COPENHAGEN — On a windy August afternoon in 2017, Akitsinnguaq Ina Olsen was relaxing in the old harbor of Nuuk, Greenland’s capital, when a Chinese icebreaker sailed unannounced into the Arctic island’s territorial waters.
“I saw it by chance,” Olsen, 50, told Reuters. “My first thought was: ‘They’re already here!’ They’re pretty cheeky, those Chinese.”
She pulled out her phone and took a picture of the 167-meter long Chinese icebreaker Xue Long (Snow Dragon), before it turned around and disappeared.
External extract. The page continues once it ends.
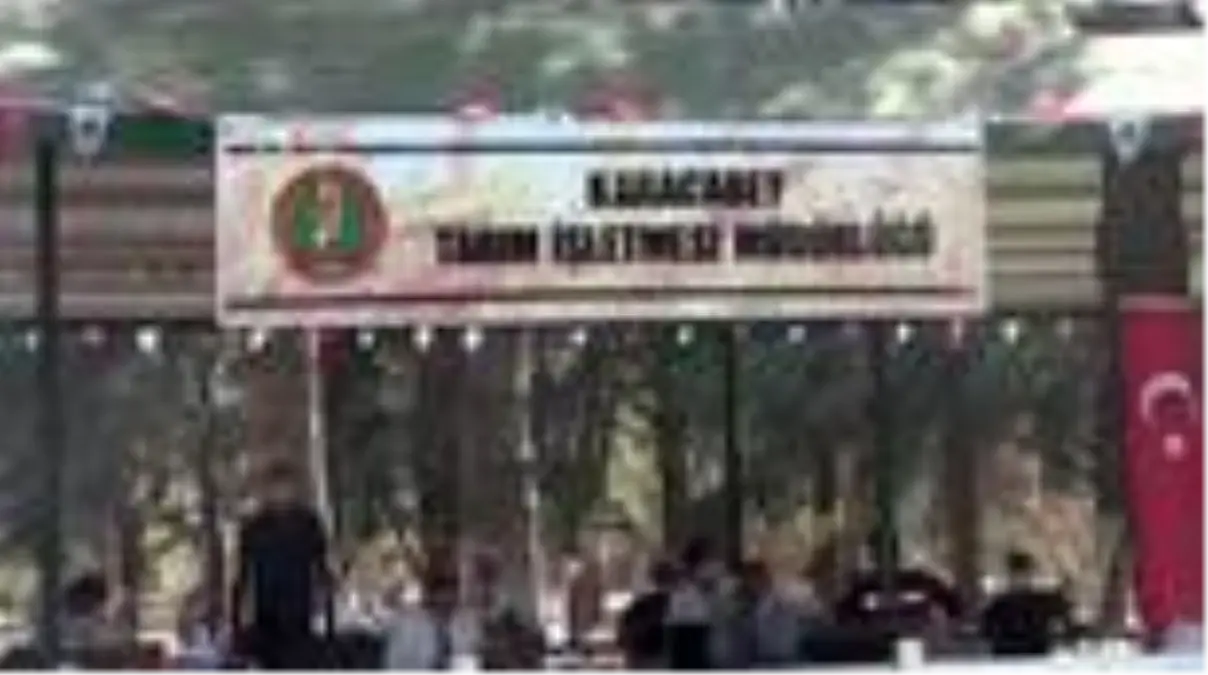 Safkan Arap taylarının satışından 3,1 milyon lira gelir elde edildi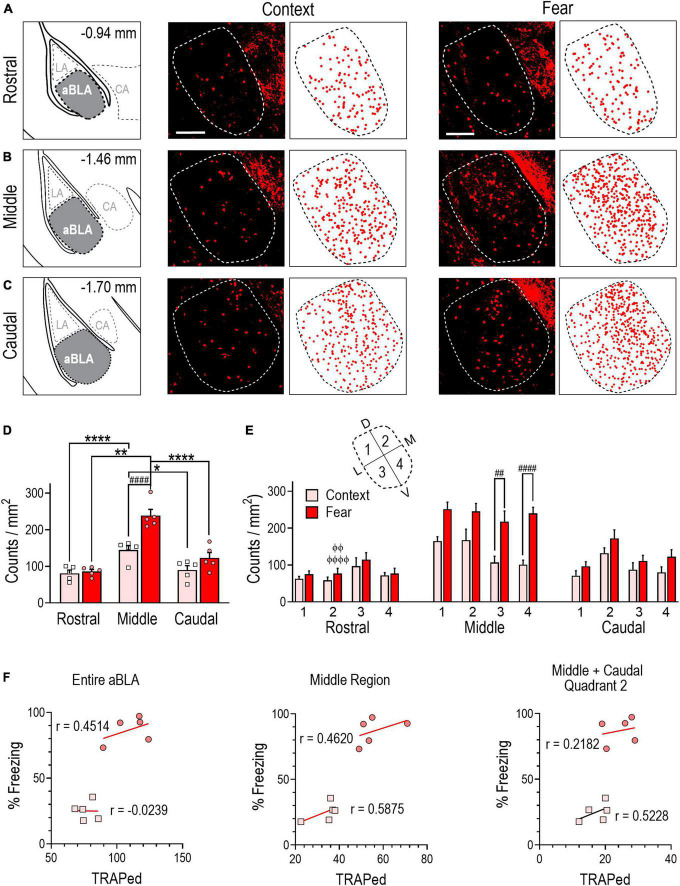 Anterior basolateral amygdala neurons comprise a remote fear memory engram.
The Chinese ship was one of a growing number of unexpected arrivals in Arctic waters as shrinking sea ice has opened access to resources and waterways. Both China and Russia have been increasingly active in the region, and military activity is stepping up, too, after the U.S. Secretary of State Mike Pompeo last year said that now is “America’s moment to stand up as an Arctic nation and for the Arctic’s future.”
Greenland is a semi-autonomous part of the Kingdom of Denmark and Copenhagen runs the island’s defense through its Joint Arctic Command. On several occasions since 2006, foreign vessels have turned up unexpectedly or without the necessary protocols, in waters that NATO-member Denmark aims to defend, Greenland residents and military sources in Denmark and the United States told Reuters.
Copenhagen and its Arctic neighbors have tried in recent decades to keep the region what they call a “low-tension” area. But each event underscores new challenges for Denmark and its allies.
The main problem: It’s hard to see what’s going on there.
Greenland, which U.S. President Donald Trump offered unsuccessfully to buy from Copenhagen last year, is largely an ice sheet with a rocky coastline of 44,000 kilometers (27,000 miles) — longer than the earth’s equator. It’s hidden by almost complete darkness in the winter months.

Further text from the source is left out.